- Records supplied:
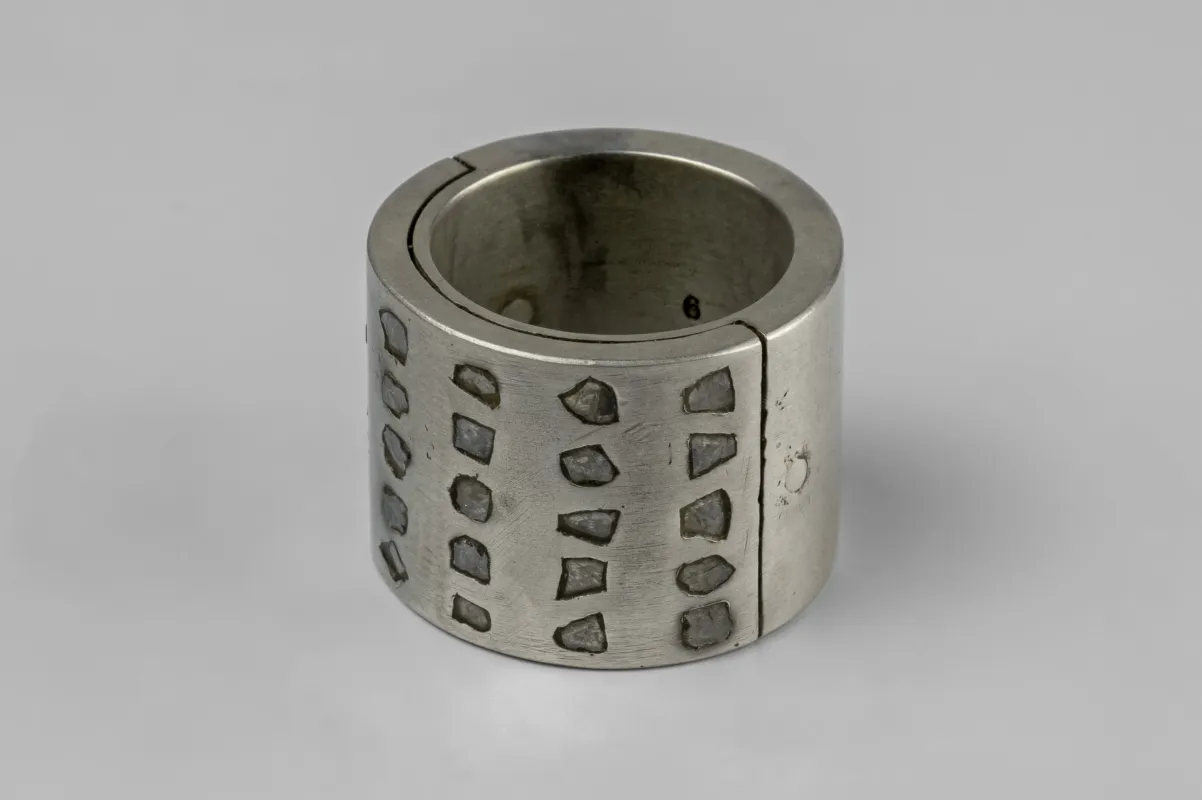 Sistema Ring (Linear Mega Pavé, 17mm, DA+DIA) sold by Parts of Four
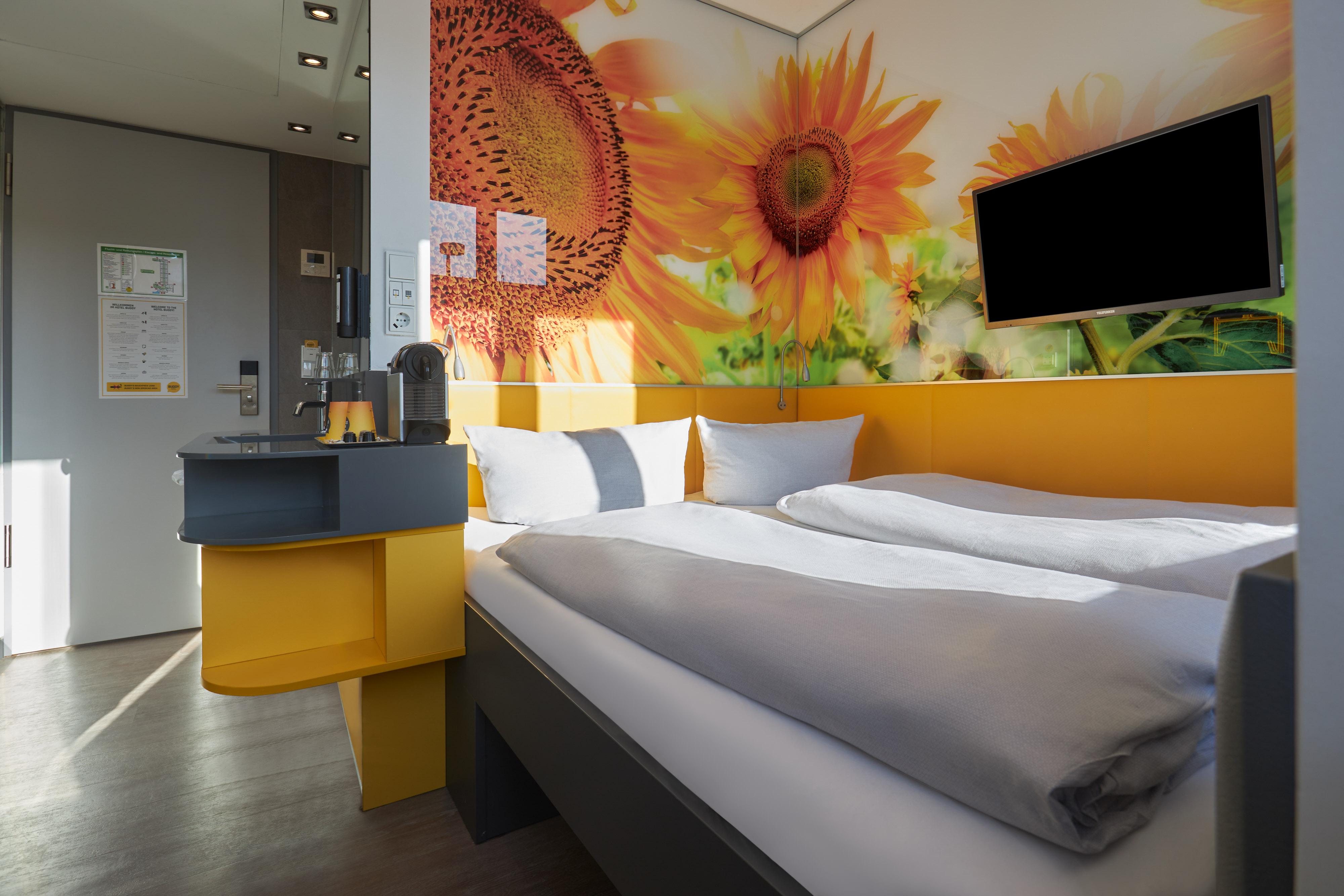 Varios Buddy Hotel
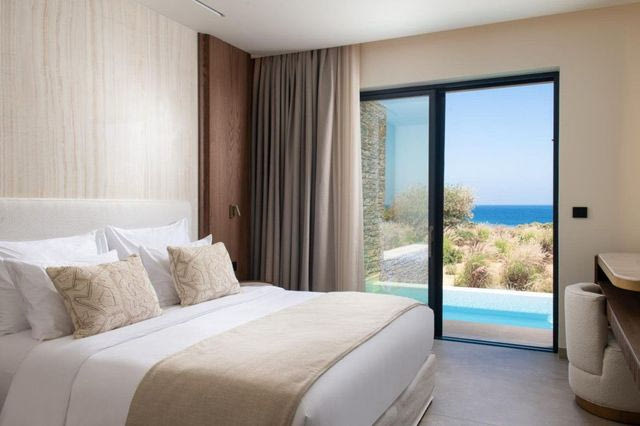 Η SWOT Hospitality αναλαμβάνει τη διαχείριση του VIONE Paros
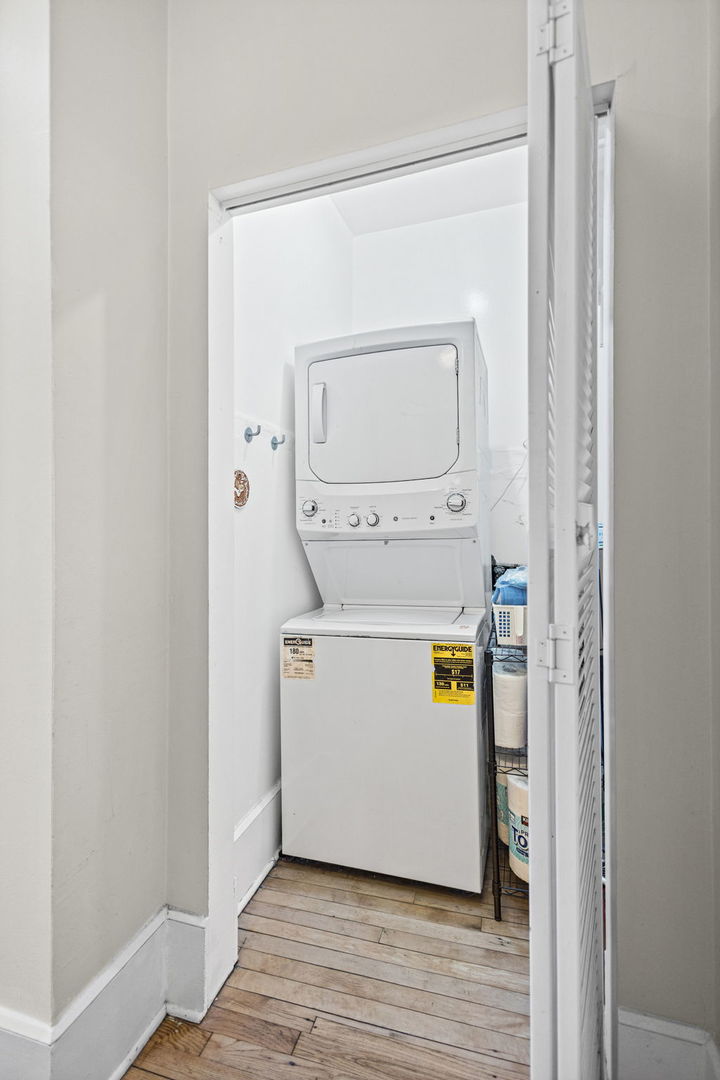 5133 S Greenwood Avenue 1 Property Photo 21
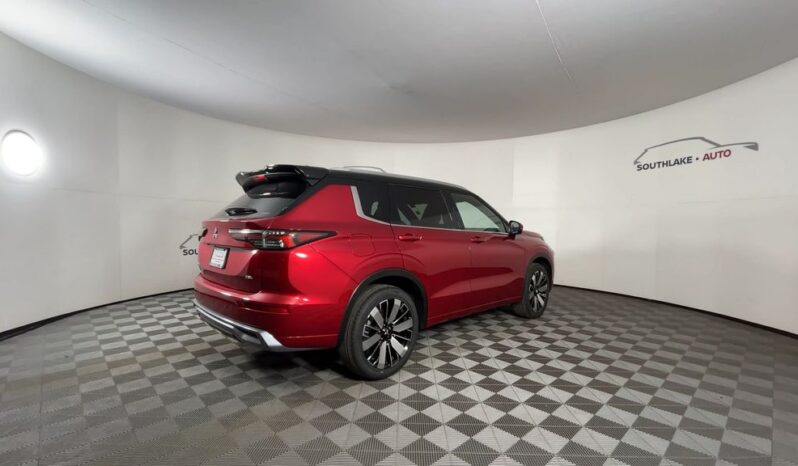 
 Mitsubishi Outlander full									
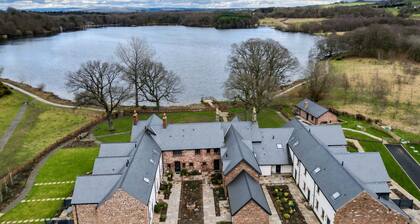 Tarn End Cottage 8, Talkin Tarn, Brampton ideal for a romantic break overlooking the Tarn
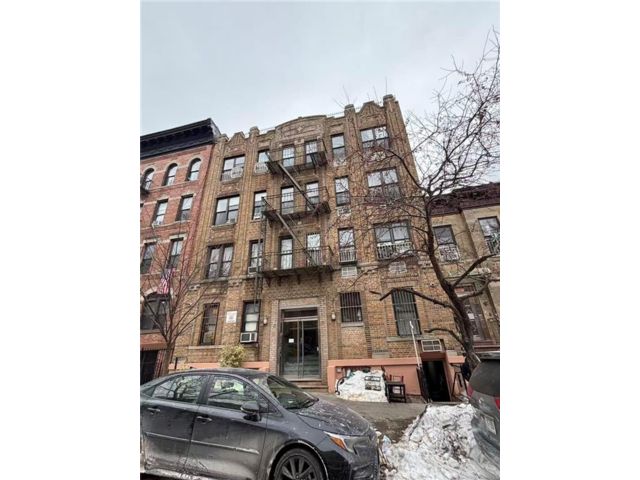 2 BR,  1.00 BTH &nbsp;Condominium style home in Sunset Park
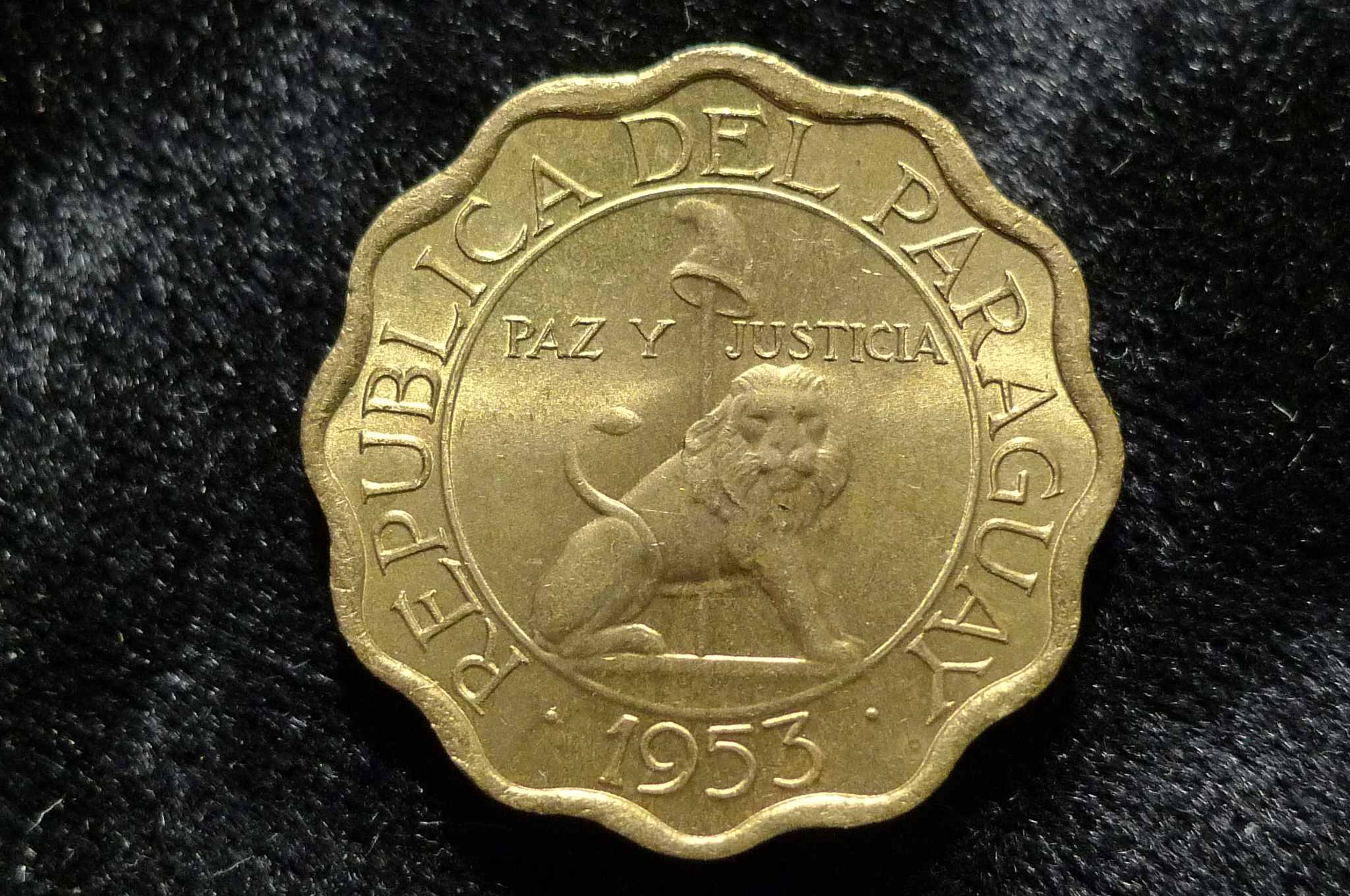 Show-Your-Coins-With-Different-Edges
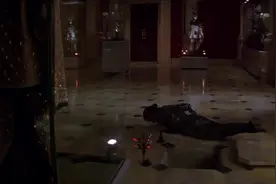 美女跨越红外线偷东西，这个经典片段后来被很多电影模仿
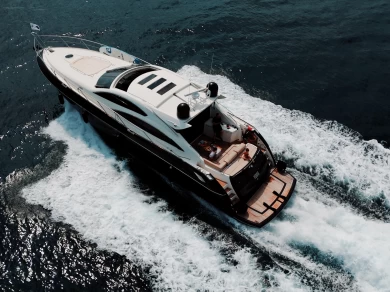 Noleggio Yacht di lusso Sunseeker con patente nautica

- Description of the task:
Everything from the line that contains "Η SWOT Hospitality" through the final line of the material should be returned exactly, except the pictures.

- Answer below:
 Η SWOT Hospitality αναλαμβάνει τη διαχείριση του VIONE Paros
 5133 S Greenwood Avenue 1 Property Photo 21
 Mitsubishi Outlander full									
 Tarn End Cottage 8, Talkin Tarn, Brampton ideal for a romantic break overlooking the Tarn
 2 BR,  1.00 BTH &nbsp;Condominium style home in Sunset Park
 Show-Your-Coins-With-Different-Edges
 美女跨越红外线偷东西，这个经典片段后来被很多电影模仿
 Noleggio Yacht di lusso Sunseeker con patente nautica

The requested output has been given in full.